___ Material to process
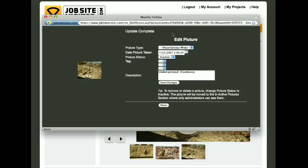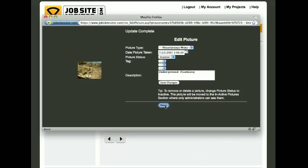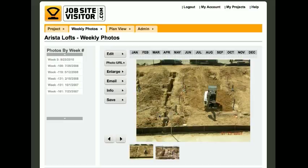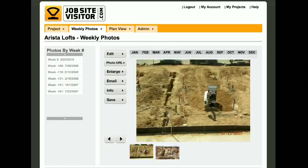Once that's done, it's going to say Update Complete, and you're just going to click Done. Now if we go back into that week, you'll notice that the photo has been deleted. That's how you delete a photo using Jobsite Visitor.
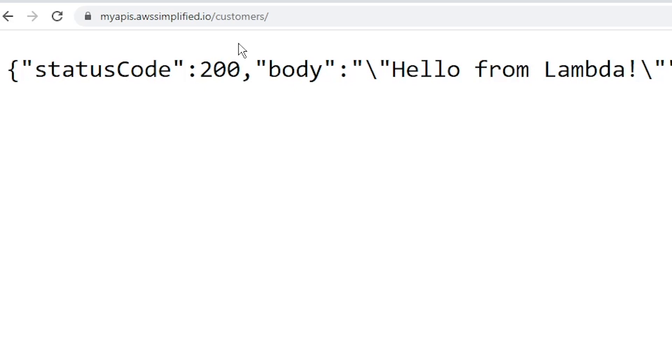If you want to learn more about AWS Lambda and API gateway, check out this playlist on the right. Thanks so much guys. And I'll see you next time.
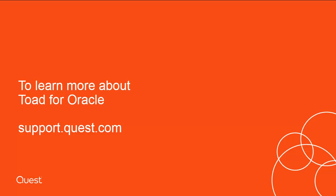To learn more about Toad for Oracle, visit support.quest.com.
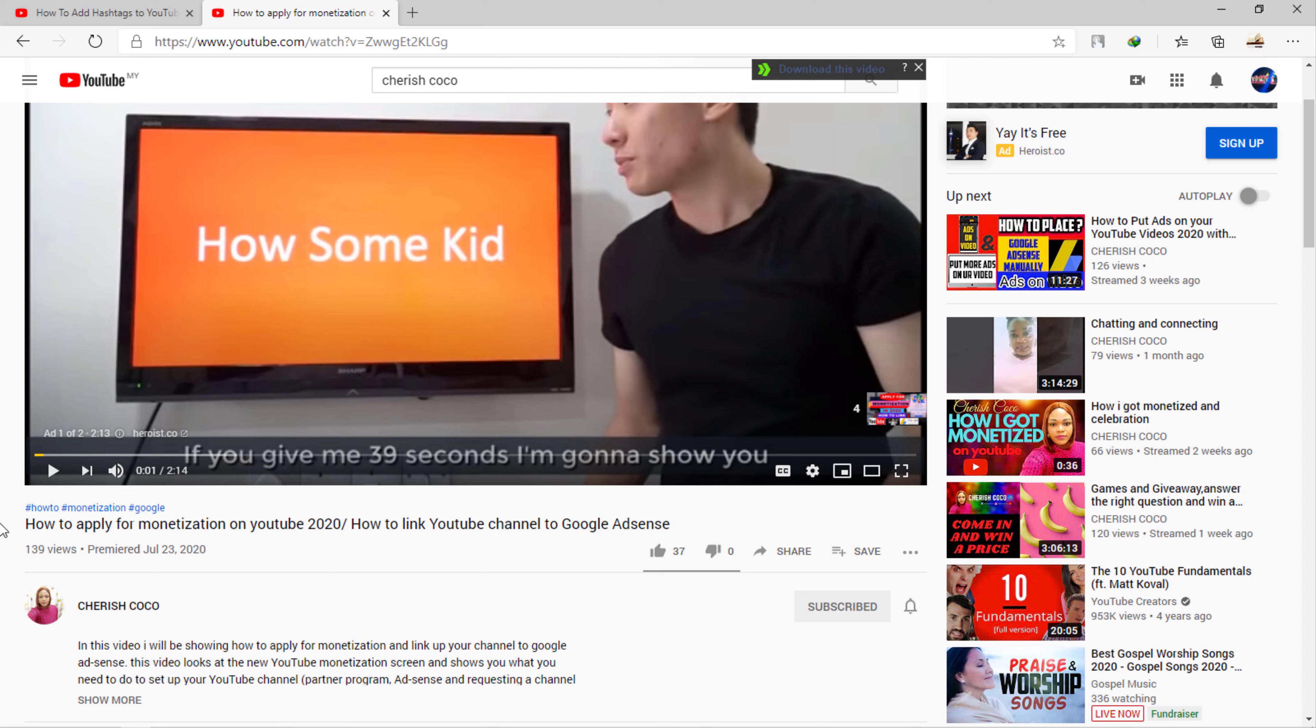Thank you so much for watching this tutorial. God bless you and see you soon on my next video. If you have not yet subscribed, please kindly subscribe to this channel and give the video a thumbs up. Thank you so much, bye.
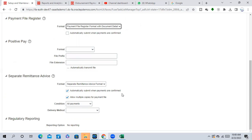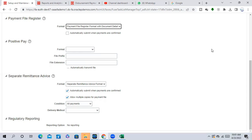The separate remittance advice is for the supplier — it will trigger once you enable 'automatically submit when payments are confirmed,' and that remittance advice will be sent to the supplier site email ID. Allow multiple copies of the payment file means it will create a separate remittance advice for each file. So if there is one supplier with five payments, it will send five separate remittance advices. If you disable this, it will combine all five payments into one copy. For two different suppliers, it separates by supplier email ID.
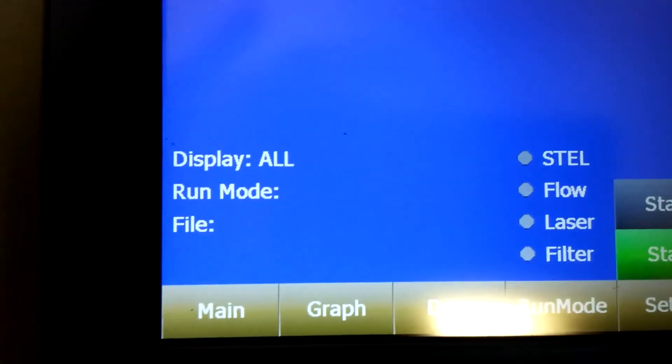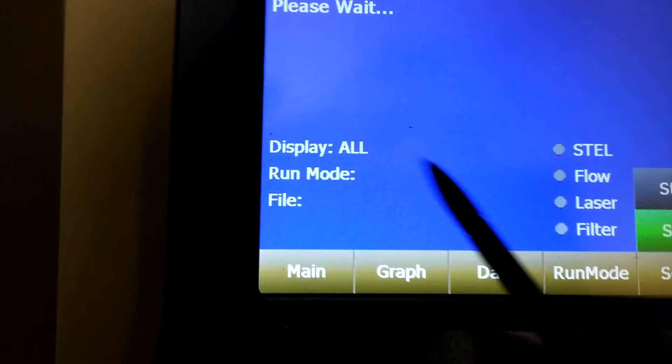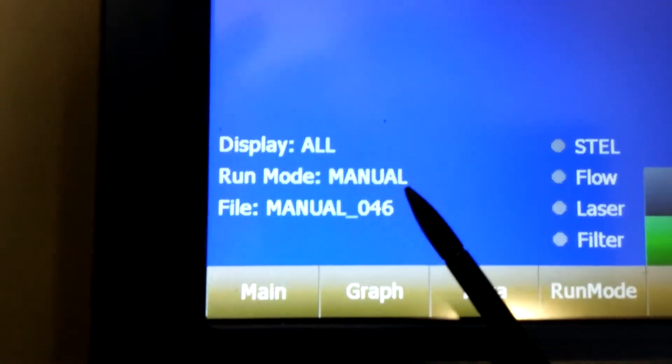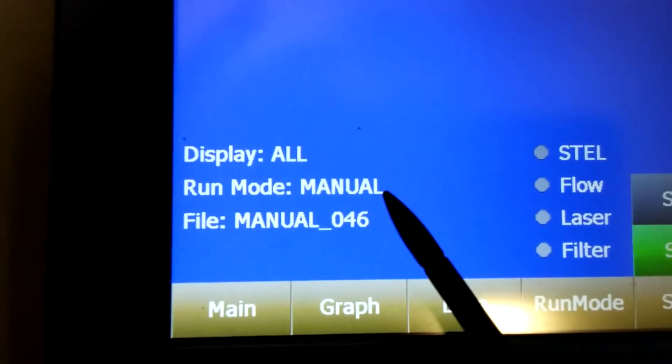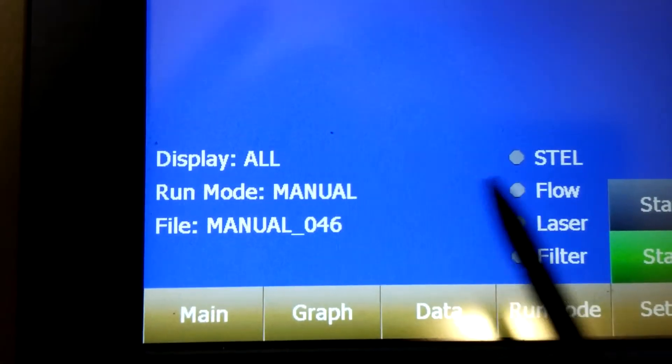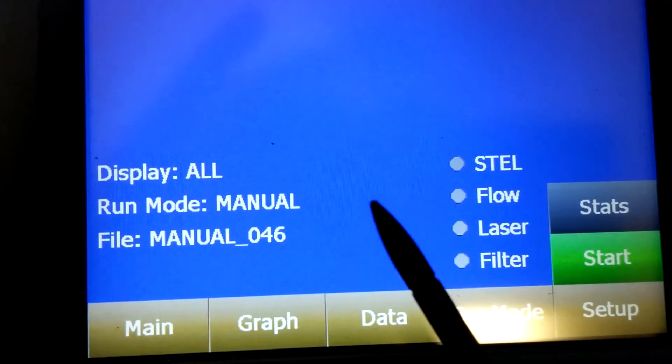You will see right here, run mode is manual, which is what you wanted, so that you can manually stop and start. You don't have to have it pre-programmed using the computer.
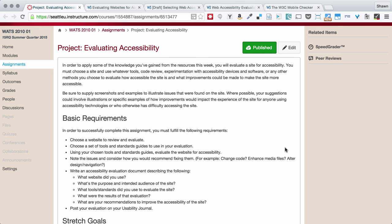Hi, everyone. Welcome to the Evaluating Accessibility Project introduction.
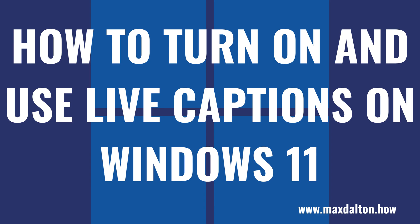I'm Max Dalton, and in this video I'll show you how to turn on and use Live Captions in Windows 11.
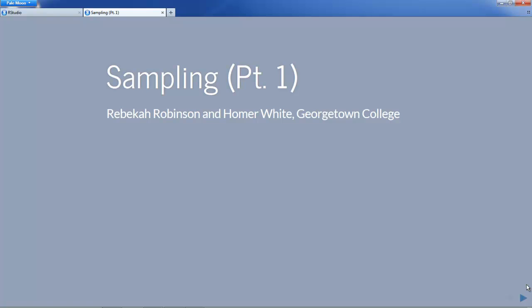Hello everyone. Welcome to the fifth chapter of our course on sampling. This is the first of two chapters where we're going to focus on the proper ways in which to collect data. In this chapter we're going to be looking mostly at taking samples from some larger population.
______
• _What this task involves_
The data must be printed exactly, image-free.

• _Reply to the task_
Once that's done, it's going to say Update Complete, and you're just going to click Done. Now if we go back into that week, you'll notice that the photo has been deleted. That's how you delete a photo using Jobsite Visitor.
If you want to learn more about AWS Lambda and API gateway, check out this playlist on the right. Thanks so much guys. And I'll see you next time.
To learn more about Toad for Oracle, visit support.quest.com.
Thank you so much for watching this tutorial. God bless you and see you soon on my next video. If you have not yet subscribed, please kindly subscribe to this channel and give the video a thumbs up. Thank you so much, bye.
The separate remittance advice is for the supplier — it will trigger once you enable 'automatically submit when payments are confirmed,' and that remittance advice will be sent to the supplier site email ID. Allow multiple copies of the payment file means it will create a separate remittance advice for each file. So if there is one supplier with five payments, it will send five separate remittance advices. If you disable this, it will combine all five payments into one copy. For two different suppliers, it separates by supplier email ID.
You will see right here, run mode is manual, which is what you wanted, so that you can manually stop and start. You don't have to have it pre-programmed using the computer.
Hi, everyone. Welcome to the Evaluating Accessibility Project introduction.
I'm Max Dalton, and in this video I'll show you how to turn on and use Live Captions in Windows 11.
Hello everyone. Welcome to the fifth chapter of our course on sampling. This is the first of two chapters where we're going to focus on the proper ways in which to collect data. In this chapter we're going to be looking mostly at taking samples from some larger population.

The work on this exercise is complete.